With minnows Namibia also in Georgia's World Cup group, which is completed by New Zealand and Argentina, a third-placed pool finish and automatic qualification for the 2019 tournament in Japan could now be achieved.
"This has been four years of planning, four years of work from everybody involved - and largely this squad has been together for the same amount of time with me," New Zealander Haig said.
"It (World Cup qualification) is obviously a focus since we qualified for Pool C, and we knew to have a chance of creating history for Georgia that we would have to win this game today.
"We have taken the first step, but there is still a fair bit to go in this tournament.
"We haven't reached the next level - that's still higher. When you can defeat a team like Argentina, Scotland or Samoa then you can talk about getting there.
"It's about being consistent with your Test wins.
"We're pretty good at winning one or two a year against higher-ranked teams, but our goal is to compete consistently with the top eight teams in the world.

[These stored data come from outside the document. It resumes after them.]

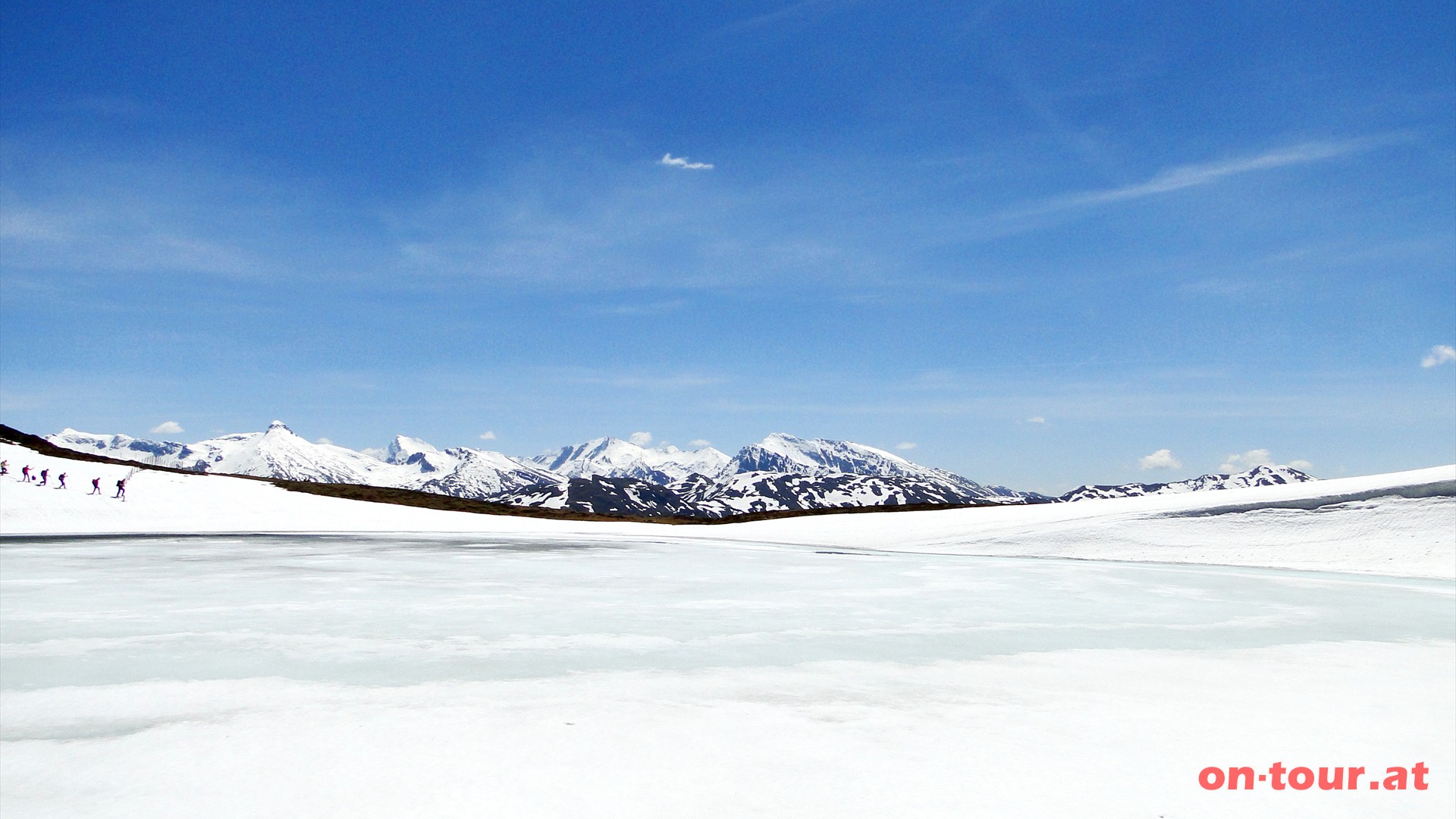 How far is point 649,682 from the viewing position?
6.59m

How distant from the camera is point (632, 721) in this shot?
5.50 metres

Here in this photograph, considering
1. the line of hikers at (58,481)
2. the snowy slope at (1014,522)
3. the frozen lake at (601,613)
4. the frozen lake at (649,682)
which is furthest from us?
the line of hikers at (58,481)

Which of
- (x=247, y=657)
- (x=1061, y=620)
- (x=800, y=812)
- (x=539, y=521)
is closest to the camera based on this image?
(x=800, y=812)

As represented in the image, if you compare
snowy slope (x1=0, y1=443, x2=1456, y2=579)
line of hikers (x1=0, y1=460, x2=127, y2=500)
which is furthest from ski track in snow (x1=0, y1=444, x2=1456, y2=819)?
line of hikers (x1=0, y1=460, x2=127, y2=500)

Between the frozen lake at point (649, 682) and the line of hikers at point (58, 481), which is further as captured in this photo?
the line of hikers at point (58, 481)

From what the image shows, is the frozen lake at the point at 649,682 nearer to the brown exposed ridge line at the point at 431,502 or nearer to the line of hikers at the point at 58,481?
the brown exposed ridge line at the point at 431,502

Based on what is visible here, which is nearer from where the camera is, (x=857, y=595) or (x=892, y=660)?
(x=892, y=660)

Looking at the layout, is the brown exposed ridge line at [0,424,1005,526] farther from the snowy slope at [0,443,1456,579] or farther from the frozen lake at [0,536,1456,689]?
the frozen lake at [0,536,1456,689]

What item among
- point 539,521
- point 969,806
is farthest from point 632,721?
point 539,521

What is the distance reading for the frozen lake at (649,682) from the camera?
14.5ft

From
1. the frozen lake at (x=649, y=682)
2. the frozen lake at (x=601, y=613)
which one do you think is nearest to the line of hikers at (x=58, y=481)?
the frozen lake at (x=601, y=613)

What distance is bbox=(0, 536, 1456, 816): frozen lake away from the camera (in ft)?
14.5

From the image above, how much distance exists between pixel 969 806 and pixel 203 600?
1131 cm

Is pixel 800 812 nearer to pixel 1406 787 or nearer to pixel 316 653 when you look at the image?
pixel 1406 787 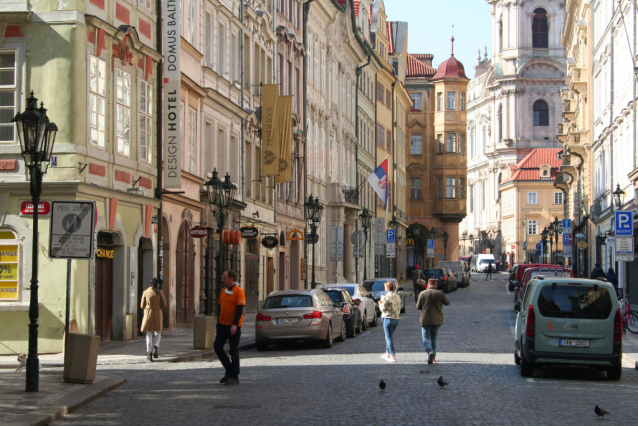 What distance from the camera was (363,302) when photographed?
3056cm

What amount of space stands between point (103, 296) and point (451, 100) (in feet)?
256

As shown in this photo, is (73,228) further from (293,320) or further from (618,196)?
(618,196)

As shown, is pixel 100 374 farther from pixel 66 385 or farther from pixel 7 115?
pixel 7 115

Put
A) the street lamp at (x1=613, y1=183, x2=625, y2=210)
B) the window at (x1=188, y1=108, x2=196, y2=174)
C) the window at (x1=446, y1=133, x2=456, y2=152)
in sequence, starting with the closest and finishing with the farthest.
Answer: the window at (x1=188, y1=108, x2=196, y2=174), the street lamp at (x1=613, y1=183, x2=625, y2=210), the window at (x1=446, y1=133, x2=456, y2=152)

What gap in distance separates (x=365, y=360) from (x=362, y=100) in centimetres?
4817

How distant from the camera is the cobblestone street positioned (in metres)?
12.3

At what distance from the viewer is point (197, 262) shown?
31000mm

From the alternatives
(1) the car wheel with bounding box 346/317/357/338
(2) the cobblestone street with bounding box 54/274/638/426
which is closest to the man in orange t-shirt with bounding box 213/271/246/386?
Answer: (2) the cobblestone street with bounding box 54/274/638/426

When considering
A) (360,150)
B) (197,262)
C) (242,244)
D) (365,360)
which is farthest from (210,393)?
(360,150)

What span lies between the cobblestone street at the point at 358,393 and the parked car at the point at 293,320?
384 millimetres

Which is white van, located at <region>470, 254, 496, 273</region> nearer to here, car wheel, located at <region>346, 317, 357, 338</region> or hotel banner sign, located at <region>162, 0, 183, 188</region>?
car wheel, located at <region>346, 317, 357, 338</region>

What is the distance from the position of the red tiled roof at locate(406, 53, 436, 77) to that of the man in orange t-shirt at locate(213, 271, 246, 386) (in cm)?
8807

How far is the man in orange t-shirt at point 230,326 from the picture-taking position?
1573 cm

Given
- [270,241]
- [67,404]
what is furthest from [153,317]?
[270,241] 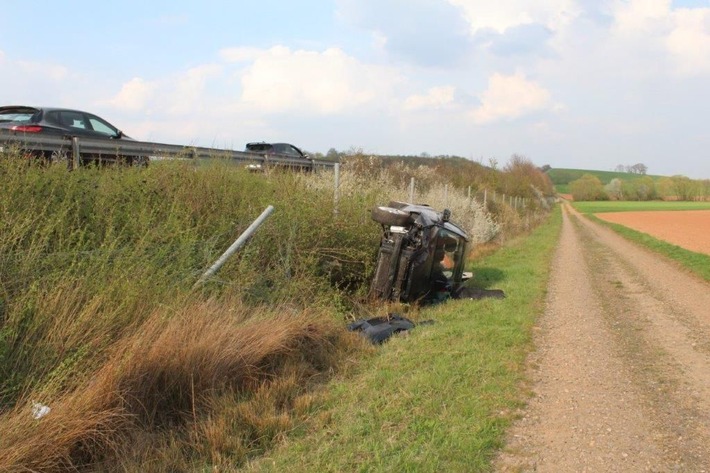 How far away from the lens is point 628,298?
10.6 m

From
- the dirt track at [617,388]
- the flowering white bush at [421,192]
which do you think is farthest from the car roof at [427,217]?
the dirt track at [617,388]

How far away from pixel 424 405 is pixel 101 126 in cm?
994

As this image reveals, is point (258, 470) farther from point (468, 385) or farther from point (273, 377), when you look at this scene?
point (468, 385)

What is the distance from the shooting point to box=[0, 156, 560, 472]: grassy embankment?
11.8 ft

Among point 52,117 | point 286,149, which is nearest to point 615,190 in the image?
point 286,149

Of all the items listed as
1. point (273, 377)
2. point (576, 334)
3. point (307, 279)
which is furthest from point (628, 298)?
point (273, 377)

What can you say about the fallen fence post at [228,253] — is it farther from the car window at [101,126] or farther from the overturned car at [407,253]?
the car window at [101,126]

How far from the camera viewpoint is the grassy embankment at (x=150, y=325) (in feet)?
11.8

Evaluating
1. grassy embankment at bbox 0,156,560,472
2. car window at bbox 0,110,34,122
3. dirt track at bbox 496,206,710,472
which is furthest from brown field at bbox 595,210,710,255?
car window at bbox 0,110,34,122

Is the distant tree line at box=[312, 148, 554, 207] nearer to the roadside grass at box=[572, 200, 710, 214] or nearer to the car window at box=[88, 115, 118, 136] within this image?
the car window at box=[88, 115, 118, 136]

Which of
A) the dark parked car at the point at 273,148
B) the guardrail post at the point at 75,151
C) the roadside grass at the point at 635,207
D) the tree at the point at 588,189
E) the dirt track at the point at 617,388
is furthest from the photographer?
the tree at the point at 588,189

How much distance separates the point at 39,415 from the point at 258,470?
1396mm

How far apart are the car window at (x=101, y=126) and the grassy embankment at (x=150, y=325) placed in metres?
4.59

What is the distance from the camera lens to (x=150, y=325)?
14.6 feet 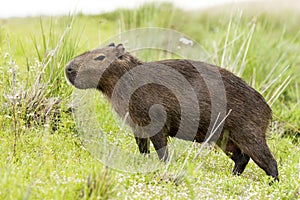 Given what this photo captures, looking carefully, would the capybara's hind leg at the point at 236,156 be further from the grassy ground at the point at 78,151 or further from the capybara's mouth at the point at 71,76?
the capybara's mouth at the point at 71,76

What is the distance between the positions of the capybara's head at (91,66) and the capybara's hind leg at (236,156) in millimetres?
1328

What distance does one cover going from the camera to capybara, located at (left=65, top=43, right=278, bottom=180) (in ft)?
15.9

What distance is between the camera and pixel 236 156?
528 cm

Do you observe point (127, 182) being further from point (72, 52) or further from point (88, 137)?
point (72, 52)

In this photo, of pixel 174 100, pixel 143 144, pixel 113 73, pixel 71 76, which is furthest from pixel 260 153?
pixel 71 76

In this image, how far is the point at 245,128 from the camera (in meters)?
4.92

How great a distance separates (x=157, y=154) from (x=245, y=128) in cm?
83

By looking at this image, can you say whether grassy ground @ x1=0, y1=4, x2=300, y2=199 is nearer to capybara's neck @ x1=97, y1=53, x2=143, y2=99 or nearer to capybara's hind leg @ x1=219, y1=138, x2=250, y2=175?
capybara's hind leg @ x1=219, y1=138, x2=250, y2=175

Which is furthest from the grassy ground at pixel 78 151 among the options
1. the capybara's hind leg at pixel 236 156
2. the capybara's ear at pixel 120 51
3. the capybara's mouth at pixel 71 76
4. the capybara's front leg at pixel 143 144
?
the capybara's ear at pixel 120 51

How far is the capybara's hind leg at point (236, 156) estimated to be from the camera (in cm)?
522

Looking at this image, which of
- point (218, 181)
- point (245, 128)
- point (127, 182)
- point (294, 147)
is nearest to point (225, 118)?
point (245, 128)

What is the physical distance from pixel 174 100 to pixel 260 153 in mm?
912

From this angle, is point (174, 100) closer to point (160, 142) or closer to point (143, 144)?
point (160, 142)

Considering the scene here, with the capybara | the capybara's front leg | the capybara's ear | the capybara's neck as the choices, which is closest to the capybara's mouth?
the capybara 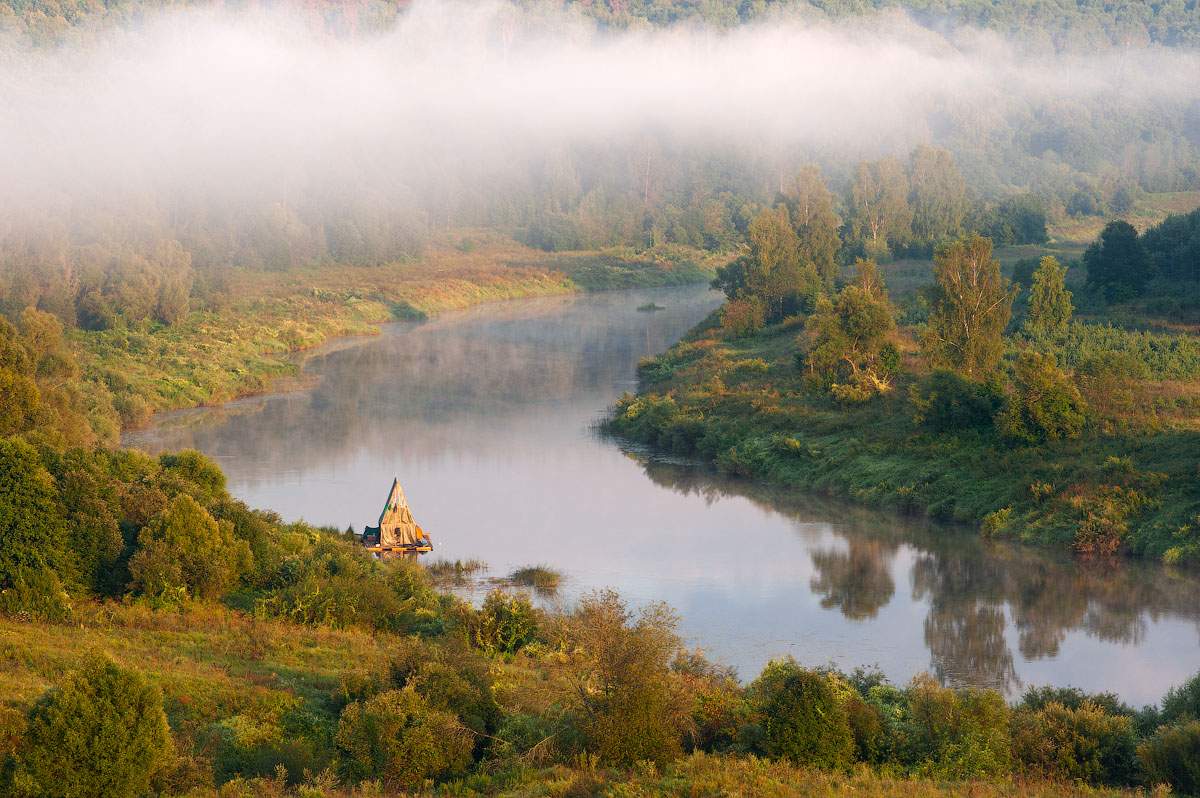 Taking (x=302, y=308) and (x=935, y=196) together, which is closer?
(x=302, y=308)

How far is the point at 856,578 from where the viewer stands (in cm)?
2902

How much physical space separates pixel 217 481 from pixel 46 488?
5.61 meters

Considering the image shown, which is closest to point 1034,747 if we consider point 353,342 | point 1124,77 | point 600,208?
point 353,342

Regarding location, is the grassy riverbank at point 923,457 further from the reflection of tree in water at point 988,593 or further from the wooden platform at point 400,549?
the wooden platform at point 400,549

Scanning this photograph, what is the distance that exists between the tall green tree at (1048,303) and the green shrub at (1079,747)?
98.5ft

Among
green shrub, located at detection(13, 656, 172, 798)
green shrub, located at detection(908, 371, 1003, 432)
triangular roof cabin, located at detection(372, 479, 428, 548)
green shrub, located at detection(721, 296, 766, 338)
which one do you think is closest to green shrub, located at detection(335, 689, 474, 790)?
green shrub, located at detection(13, 656, 172, 798)

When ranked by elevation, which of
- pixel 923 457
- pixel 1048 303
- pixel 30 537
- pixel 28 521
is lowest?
pixel 923 457

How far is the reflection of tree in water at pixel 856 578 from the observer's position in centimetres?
2733

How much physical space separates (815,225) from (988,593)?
124 ft

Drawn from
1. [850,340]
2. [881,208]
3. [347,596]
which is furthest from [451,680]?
[881,208]

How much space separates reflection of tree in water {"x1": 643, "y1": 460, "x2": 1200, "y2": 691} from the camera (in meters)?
24.5

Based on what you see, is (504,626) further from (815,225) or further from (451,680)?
(815,225)

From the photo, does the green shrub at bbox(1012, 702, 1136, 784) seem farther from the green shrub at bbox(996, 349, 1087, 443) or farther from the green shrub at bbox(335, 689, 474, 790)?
the green shrub at bbox(996, 349, 1087, 443)

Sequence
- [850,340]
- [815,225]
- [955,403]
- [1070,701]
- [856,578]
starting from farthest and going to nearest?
[815,225], [850,340], [955,403], [856,578], [1070,701]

There is still a lot of water under the bridge for that to happen.
"Today was pretty historic for everyone involved in Georgian rugby, and we are very pleased."
Full-back Merab Kvirikashvili kicked a penalty and two conversions for Georgia, while Tonga replied with a late Fetu'u Vainikolo try - he became Tonga's record Test try scorer in the process - and Kurt Morath booted a penalty and conversion, yet Georgia deservedly held on after Kvirikashvili was sin-binned during the dying minutes for repeated offside.
It was was also a day to savour for 18-year-old Georgia scrum-half Vasil Lobzhanidze, who became the youngest player ever to feature in the tournament.
Haig added: "This is the best-prepared side ever to leave Georgia, and today we showed that. Fitness-wise, we were able to sustain our defence over 80 minutes, and that allowed us to come away with the win."
Tonga captain Nili Latu had no complaints about the result - and although tournament minnows Namibia are up next for his team, world champions New Zealand and in-form Argentina also remain to be played.
"Credit to Georgia for winning the game," he said. "They disrupted our line-out, and they ground it out really well in the scrum.
"One thing we wanted coming into this game was our set-piece, but it wasn't good enough today. Georgia just kept putting pressure on scrums and line-outs, and it is something we will have to look at.
"We made everything harder for ourselves. We have still got three games, and we have to regroup."
A couple of television match official decisions, meanwhile, went against Tonga, and Latu added: "The TMO is there, and I think we could have more challenges - I don't think we are losing anything.
"Everything was shown in the first game last night (between England and Fiji), and I don't see anything wrong with that."